Что такое автобиографическая проза и как личность писателя влияет на его книги? Эти вопросы послужили отправной точкой для лекции популярного американского писателя Джонатана Франзена, чей сборник эссе "Дальний остров" скоро выйдет в издательстве Corpus в переводе Леонида Мотылева. Чем русские классики лучше Джойса, кто относился к своим персонажам как к рабам на галерах и почему автор должен постоянно перерождаться — "Теории и практики" публикуют лекцию Франзена.
Я начну с ответов на четыре неприятных вопроса, которые часто задают писателям во время подобных выступлений. Похоже, эти вопросы — та цена, что нам приходится платить за удовольствие появления перед публикой. Они бесят не только тем, что их так часто нам задают, но и тем, что, за одним исключением, отвечать на них трудно (поэтому их очень даже стоит задавать).
Первый из этих извечных вопросов следующий: "Кто ваши литературные источники влияния?" Иногда задающему всего лишь нужны кое-какие книжные рекомендации, но весьма часто вопрос звучит серьезно. И раздражает меня в нем, помимо прочего, то, что он всегда задается в настоящем времени: "Кто ваши источники влияния?", а не "Кто были…". Дело в том, что на нынешней стадии жизни главный для меня источник влияния — мои более ранние книги. Если бы на меня до сих пор давил авторитет, скажем, Э.М. Форстера, я, безусловно, всеми силами старался бы это скрыть. К тому же, если верить мистеру Гарольду Блуму, чья искусно построенная теория литературных влияний помогла ему систематически разграничивать "слабых" и "сильных" писателей, я даже не сознавал бы, насколько тяжко на меня до сих пор давит авторитет Э.М. Форстера. Вполне это сознавал бы только Гарольд Блум.

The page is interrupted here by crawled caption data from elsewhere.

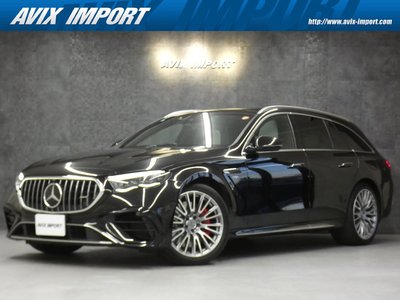 2024 Mercedes-BENZ E-CLASS AMG photo 1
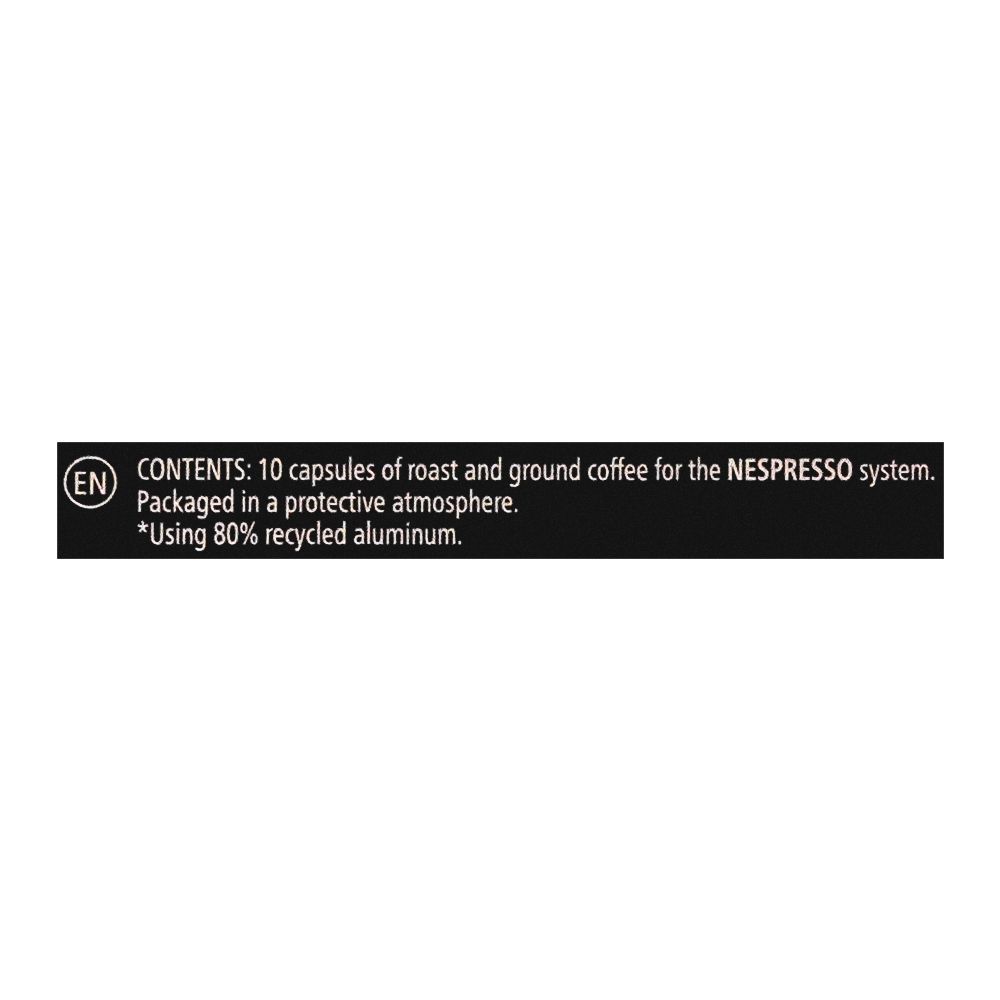 Nespresso Coffee Pods, Istanbul Espresso, 10-Pack - Image 5
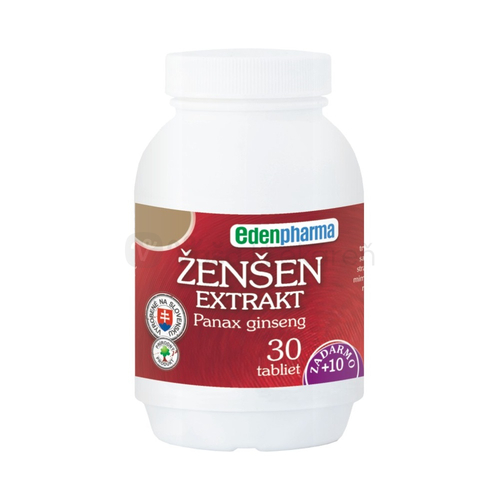 EdenPharma Ženšen Extrakt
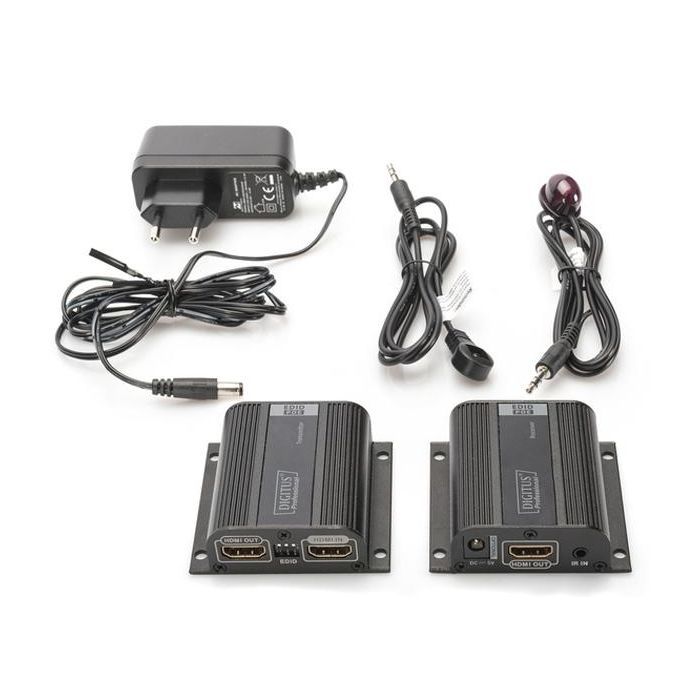Переходник HDMI UTP 50m Black Digitus (DS-55100-1) изображение 5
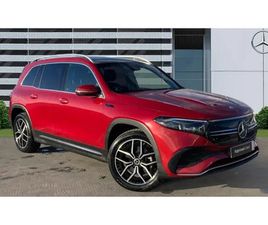 MERCEDES EQB EQB 350 2022 MERCEDES-BENZ EQB EQB 350 4M 215KW AMG LINE PREMIUM 66.5KWH 5DR AUTO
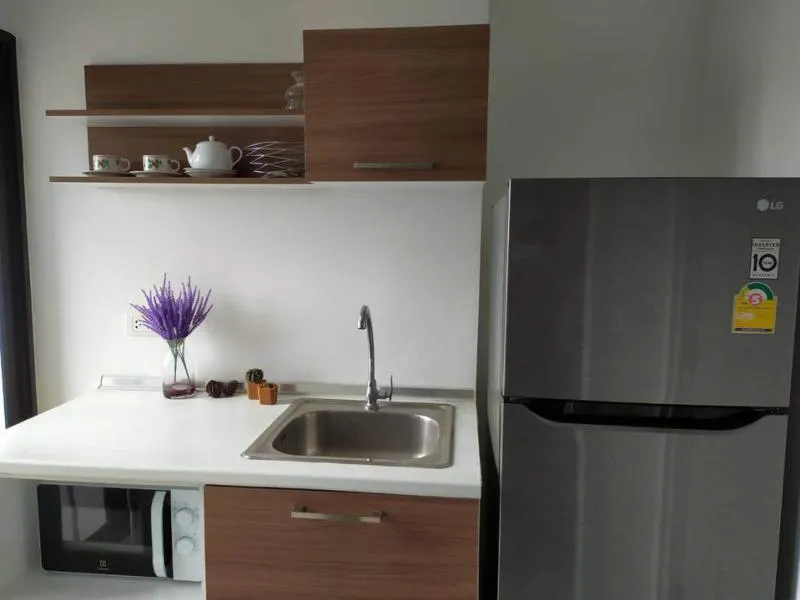 ให้เช่า คอนโด The Tree Interchange ห้องใหม่พร้อมเฟอร์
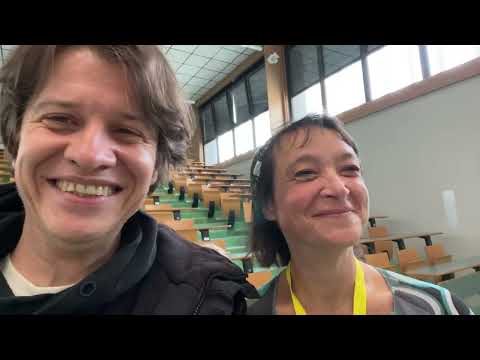 Problème des rangements en direct du congrès Maths en Jeans de Pau 2023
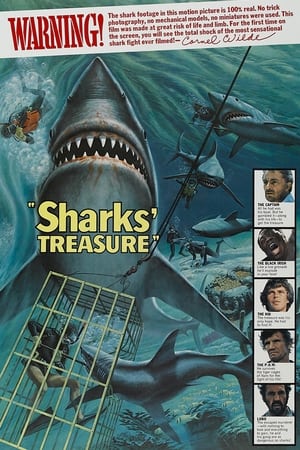 Poster El tesoro de los tiburones 1975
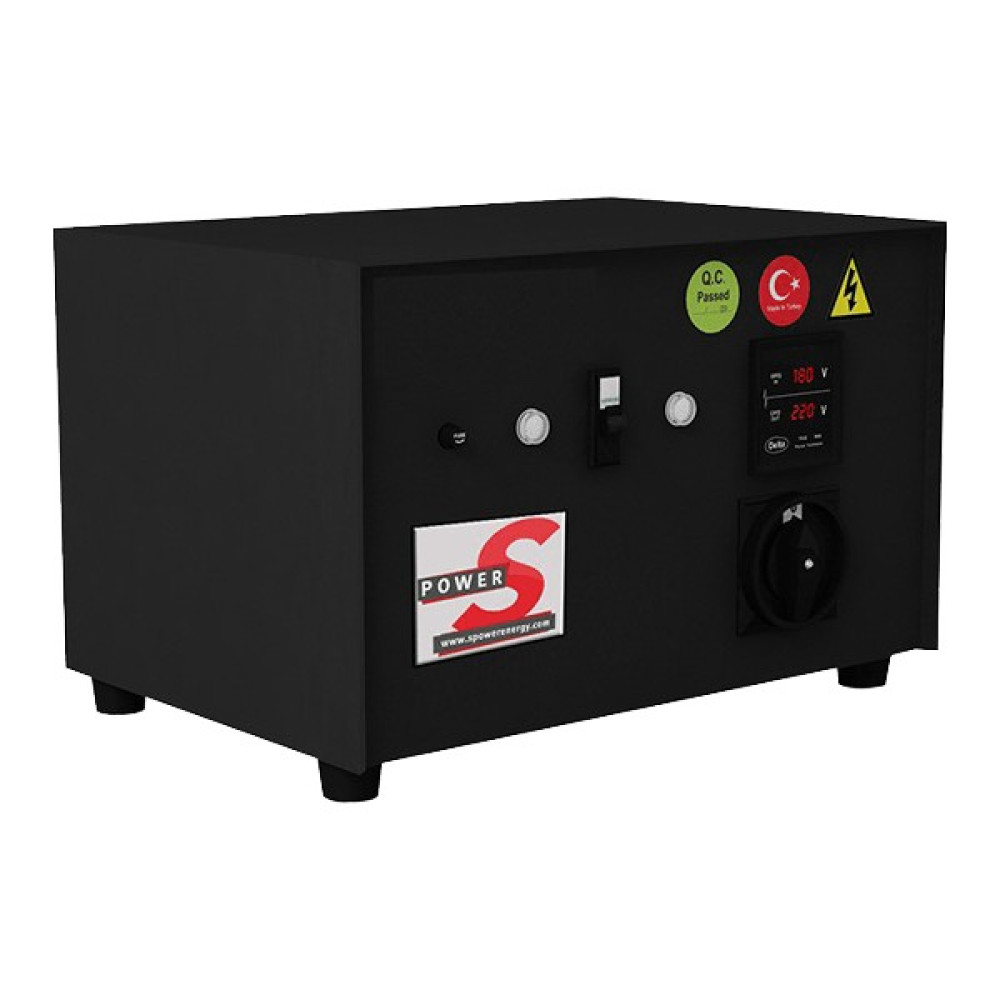 Spower Balance 1 Servo 25 Kva Monofaz 1f/1f Otomatik Voltaj Regülatörü Oto Boyaları Fiyatı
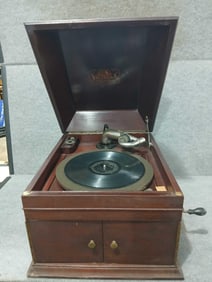 Table Top Victor Talking Machine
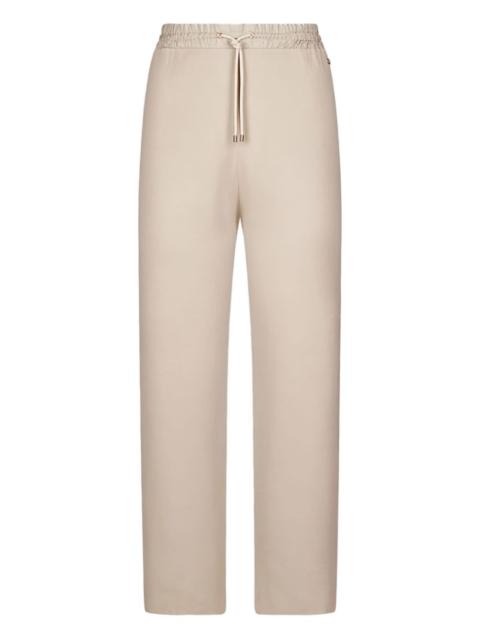 AGNONA drawstring-waist trousers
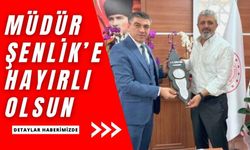 MÜSİAD Kırşehir'den SGK İl Müdürü Şenlik'e hayırlı olsun ziyareti!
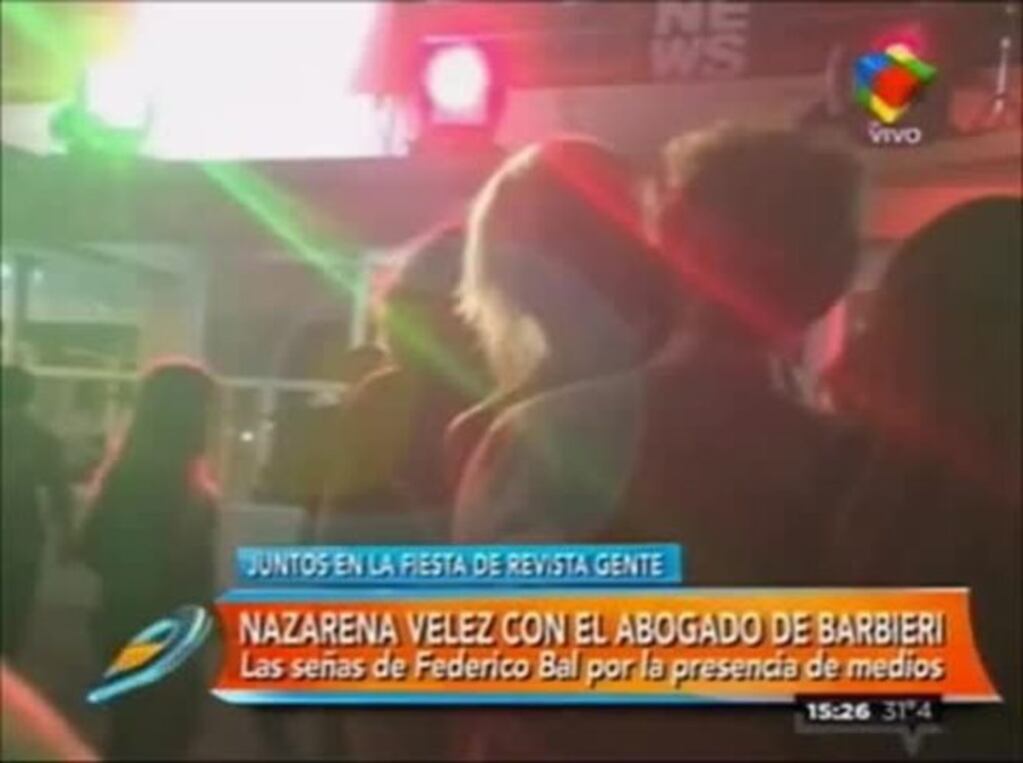 Nazarena Vélez, muy cerca de Gonzalo Gamarra, el abogado de Carmen Barbieri: qué dijo ella sobre la situación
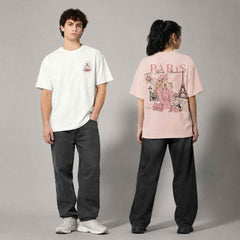 La Vie En Rose Parisian Romance Graphic Apparel Collection (T-Shirts and Hoodies)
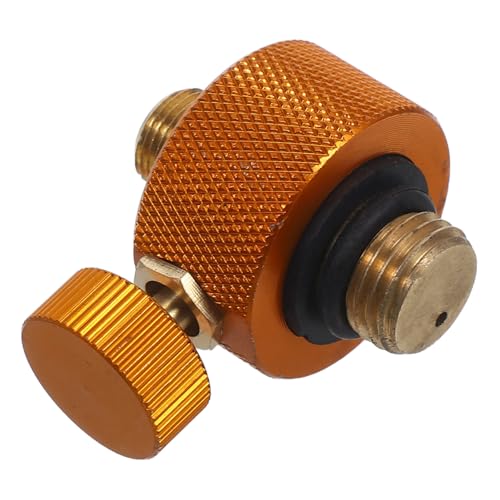 COOPHYA Outdoor Gas Tank Converter Head für Campingkocher Anschlussadapter für Gaszylinder Tragbar für Outdoor Kompatibel mit Mittleren Östlichen Standards COOPHYA Outdoor Gas Tank Converter Head für Campingkocher Anschlussadapter für Gaszylinder Tragbar für Outdoor Kompatibel mit Mittleren Östlichen Standards von COOPHYA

О прямом влиянии можно говорить только применительно к очень молодым писателям, которые в поисках своего пути вначале пытаются подражать стилю, взглядам и методам любимых авторов. На меня лично, когда мне был двадцать один год, очень сильно повлияли К.С. Льюис, Айзек Азимов, Луиза Фицхью, Герберт Маркузе, П.Г. Вудхауз, Карл Краус, моя невеста и "Диалектика Просвещения" Макса Хоркхаймера и Теодора Адорно. Какое-то время в двадцать с небольшим я тратил массу усилий, копируя прозаические ритмы и комический диалог Дона Делилло; меня также чрезвычайно увлекала напряженная, яркая и всезнающая проза Роберта Кувера и Томаса Пинчона. А сюжеты своих первых двух романов я в существенной мере позаимствовал из двух фильмов: "Американский друг" Вима Вендерса и "Путь Каттера" Ивана Пассера. Но эти разнообразные "влияния" кажутся мне ненамного более значимыми, чем то, что в пятнадцать лет моей любимой музыкальной группой была "Moody Blues". Писатель должен с чего-то начаться, но с чего именно он начинается — дело почти случайное.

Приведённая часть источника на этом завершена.